7.Bölüm "Zoruma Gidiyor"

404 257 85
                                    

Selam güzeller. Yeni bölümle karşınızdayım. Beğenmeniz dişleğiyle.

Multi:Asrın

Bir mısra daha söylesek sanki,
herşey düzelecek...
-Cemal Süreya-

İlke

Yavaşça yanına gidip karşısındaki sandalyeye oturdum. Buz kalıbı yutmuş gibi oturuyordu. Sırf inadına otuziki diş sırıtmaya başladım. Arada bana bakıp la havle çekiyordu.

İki elimi çeneme yaslayıp onu izlemeye başladım. Sakalları yüzünü islila etmişti. Bir süredir tıraş olmadığı çok açıktı. Ama sakal yüzüne çok yakışmıştı. Maruz kaldığı durumdan rahatsız olduğu o kadar belliydi ki yerinde kıpırdanıp duruyordu.
Bu sinir bozucu hallerime dayanamayıp hızla kalkıp arkasına bakmadan çıkıp gitti.

Hemen kalkıp peşine takımdım. Ben mutfaktan çıktığımda merdivenlerin yarısına ulaşmıştı çoktan.

"Sert çocuk bekle beni. Hani bana anlatacakların vardı." Beni umursamadan yoluna devam ediyordu. Benim uyandığım odaya girip kapıyı sertçe kapattı. Ahşapın çarpma sesi boş evde yankılandı.

Sonunda bitirdirdiğim merdivenlerin ilerisindeki kapıya ulaştım. Hiç tereddütsüz odaya daldığımda karşılaştığım manzara ise akıllara zarardı.

Agrasif falandı ama hakkını yememek lazım şimdi. Taş gibi vücudu vardı. Gömleğini çıkartmış elinde tuttuğu mavi tişörtle öylece bana bakıyordu.

Aramızda uzayan bu sessizliği bozan kapının zil sesiydi.

"Küçük hanım seyrin bittiyse kapıya baksan diyorum."

Yüzümü buruşturup dil çıkarttım. "Sanki yedik sende ortalık yerde çıkartma üstünü başını." Lafımı bitirir bitirmez çıktım odadan. Arkamdan gülme seslerini duydum. İstemsizce bende sırıtmaya başladım.

Ağzıma dolanan şarkıyı mırıldanma mırıldana kapıya ulaştım.

Zil ısrarla çalıyordu. Sonunda kapıyı açtığımda karşım da Eylül'ü bulmayı beklemiyordum.

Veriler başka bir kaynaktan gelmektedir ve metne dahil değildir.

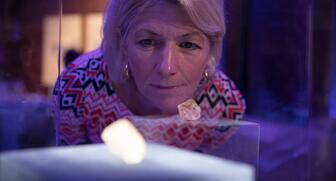 The Foxfire Diamond, pictured here in the display case it will occupy for another month in Washington, D.C., is the largest known rough gem-quality diamond ever mined in North America. It was found at the Diavik Diamond Mine in Canada in August 2015. (Photo credit: Clay Blackmore) 20170119_Diavik-in-case.jpg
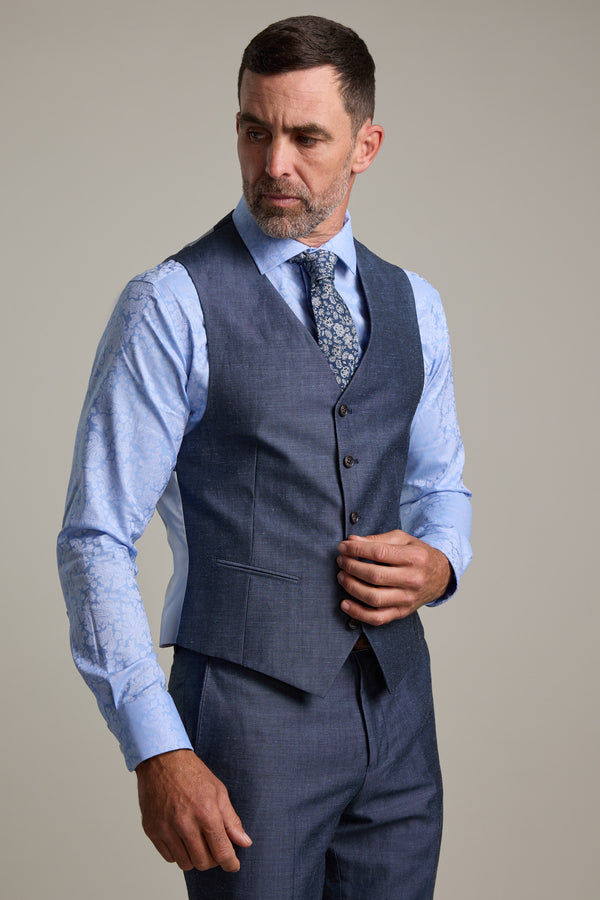 A man with short dark hair and a beard wears the Barkers Charles Texture Waistcoat, part of a blue three-piece suit with a patterned tie, adjusting the vest’s back buckle against a plain background.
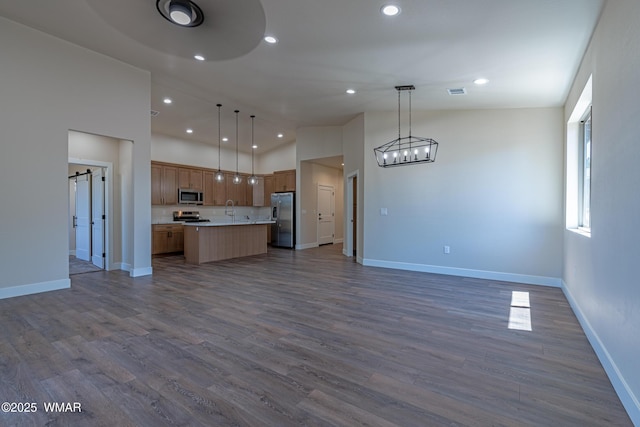 840 E Blue Jay Ln, Show Low, AZ 85901 - kitchen featuring appliances with stainless steel finishes, open floor plan, light countertops, recessed lighting, and a kitchen island with sink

Yüzünde kocaman bir gülümsemeyle bana bakıyordu. Benden aynı tepkiyi göremeyince yüzü düştü. Bana sıkıca sarılıp yanaklarıma ıslak öpücükler bıraktı.

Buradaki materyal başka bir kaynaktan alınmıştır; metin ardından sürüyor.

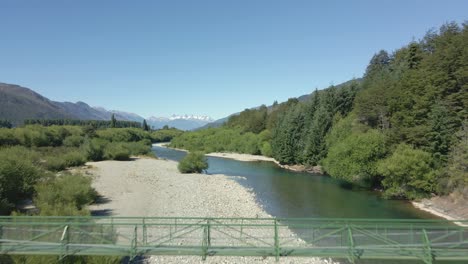 Dolly-Aéreo-En-Río-Y-Puente-Elevado-Rodeado-De-Pinos-Y-Montañas,-Pasarela-Rio-Azul,-Patagonia-Argentina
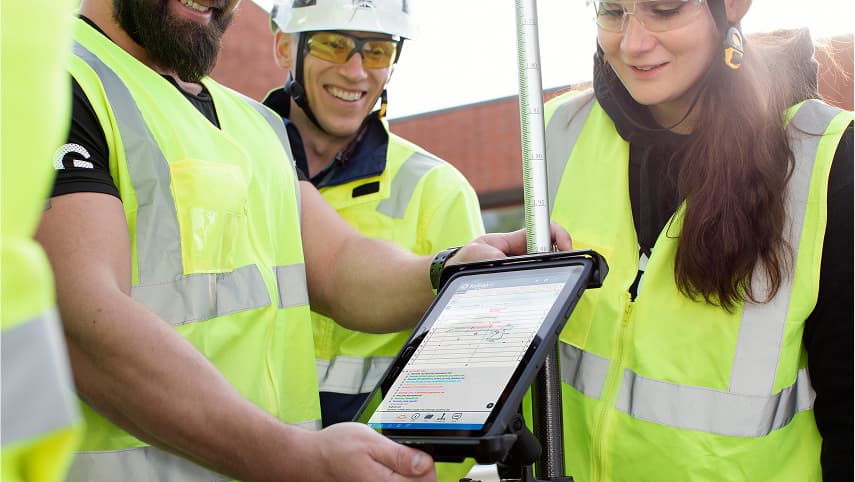 During a career at Infrakit, a team in neon yellow high-visibility vests review project updates on a tablet with plan and status details visible.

"Hey ne bu surat?" Neredeyse halime gülecekti. "Abim o kadar mı bıktırdı seni? " Şimdi gerçekten gülüyordu.

Dayanamayıp bağırmaya başladım. "Ya nerdesin sen allahını seversen? Annesi tarafından ortada bırakılmış çocuk gibi hissettim kendimi.Üstelik Asrın da cabası."

Gelip kolunu omzuma attı. Beraber salona geçtik. "Hem Asrın nerden abin senin? Hani hiç akraban yoktu. Hani tek başına yaşıyordun?"
Kollarından kurtuldum.
"Nasıl endişelendim haberin var mı? Seni göremeyince nasıl korktum."

Hızla koltuğa kendimi atıp kollarımı bağladım. Yüzündeki ifadeden çok üzüldüğü belli oluyordu. Gelip dizlerimin dibine oturup elimi tuttu.

"Bak maviş sana anlatamadığım çok şey var. Bana kizmakta da haklısın. Ama anlatınca bana hak vereceksin."

Başını dilerimin üzerine bıraktı. Çok üzgün duruyordu.Kızın üzerine çok gitmiştim galiba. Saçlarını okşamaya başladığımda ağlamaya başladı. Kendimi daha da suçlu hisetim bu sefer.